Архив обнажал меня до самого нутра. Но здесь, в этом саду, это не было пыткой. Это было... принятием.
— Я... монстр, — выдохнул я, глядя на вереницу своих малодуший.
— Ты — человек, — поправила она мягко. — Система не судит тебя за это. Она показывает тебе тебя самого. Без прикрас. Без иллюзий. Только так можно исцелить раны, которые ты наносил себе и другим.
— Это... невыносимо, — прошептал Страж, и в его голосе не было страха, только глубокая, всепоглощающая скорбь. — Все эти годы... я пытался защитить нас от этого. Отрицал это. Бежал.
— А я... я пытался это все высмеять, — голос Эхо звучал потерянно, без привычной бравады. — Обратить в шутку. Потому что иначе пришлось бы признать, что все это... и есть мы.
Мы. Впервые они сказали это слово не как разделение, а как общность.
Хранительница наблюдала за нашим молчаливым диалогом.
— Ты не один в своем черепе, странник. Твои голоса — не враги. Они твои защитники. Один охраняет тебя от внешних угроз, другой — от внутренней скуки и отчаяния. Но они стали тиранами, потому что ты бежал от самого себя.

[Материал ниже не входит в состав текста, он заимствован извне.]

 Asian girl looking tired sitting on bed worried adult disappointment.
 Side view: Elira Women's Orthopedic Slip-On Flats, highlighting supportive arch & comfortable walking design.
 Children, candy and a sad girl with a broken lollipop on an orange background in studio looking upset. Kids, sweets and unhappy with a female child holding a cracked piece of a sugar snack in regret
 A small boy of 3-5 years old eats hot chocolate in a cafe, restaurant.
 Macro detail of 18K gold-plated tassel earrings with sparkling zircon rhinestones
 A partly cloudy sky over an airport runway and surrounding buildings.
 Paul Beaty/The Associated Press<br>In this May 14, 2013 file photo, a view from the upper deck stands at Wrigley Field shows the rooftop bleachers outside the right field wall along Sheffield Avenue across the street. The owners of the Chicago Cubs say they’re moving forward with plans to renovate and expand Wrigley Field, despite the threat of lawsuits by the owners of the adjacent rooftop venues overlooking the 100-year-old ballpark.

Она указала на пруд в центре сада. Его вода была черной и неподвижной.
— Источник. Загляни в него. Не для того, чтобы увидеть новое воспоминание. Чтобы увидеть себя. Настоящего.
Я подошел и заглянул. Вода оставалась черной. Никакого отражения. Но из глубины поднялся пузырь... и лопнул на поверхности.
И я понял.
Я не увидел своего лица. Я «почувствовал» его. Со всеми морщинами, шрамами, следами лет и боли. И одновременно — с тем наивным блеском в глазах, что был у меня в семь лет. Со злостью подростка. С усталостью взрослого. Со страхом и надеждой.
Это не был образ. Это было знание. Целостное. Единое.
Я не был ни Эхо, ни Стражем. Я был тем, кто слушает их обоих. Тем, кто принимает окончательное решение.
Я отшатнулся от воды. Сердце колотилось, но уже не от страха. От откровения.
— Цель — не уничтожить их, — прошептал я. — Цель — понять их. И стать над ними.
— Интеграция, — кивнула Хранительница. — Не слияние в нечто аморфное. Принятие их как частей целого. Ты — дирижер, а они — твой оркестр. Без них — тишина. Без тебя — какофония.
Она стала растворяться, превращаясь в сияние сада.
— Теперь ты готов. Истоки примут тебя. Но помни: увидеть прошлое — значит изменить настоящее. И выбрать будущее.
Сад начал меркнуть. Деревья, цветы, свет — все поплыло, вернув меня в знакомый холодный коридор.
Я стоял один. Но я больше не был одинок.
— Ну что, маэстро, — тихо, почти уважительно произнесло Эхо. — Куда сейчас пойдем?
— Безопасность прежде всего, — добавил Страж, но уже без прежней паранойи. С долей усталой преданности. — Но решение за тобой.
Я посмотрел вперед, на уходящий в темноту коридор. Где-то впереди были Истоки. Истина о Марке. Истина о моей смерти.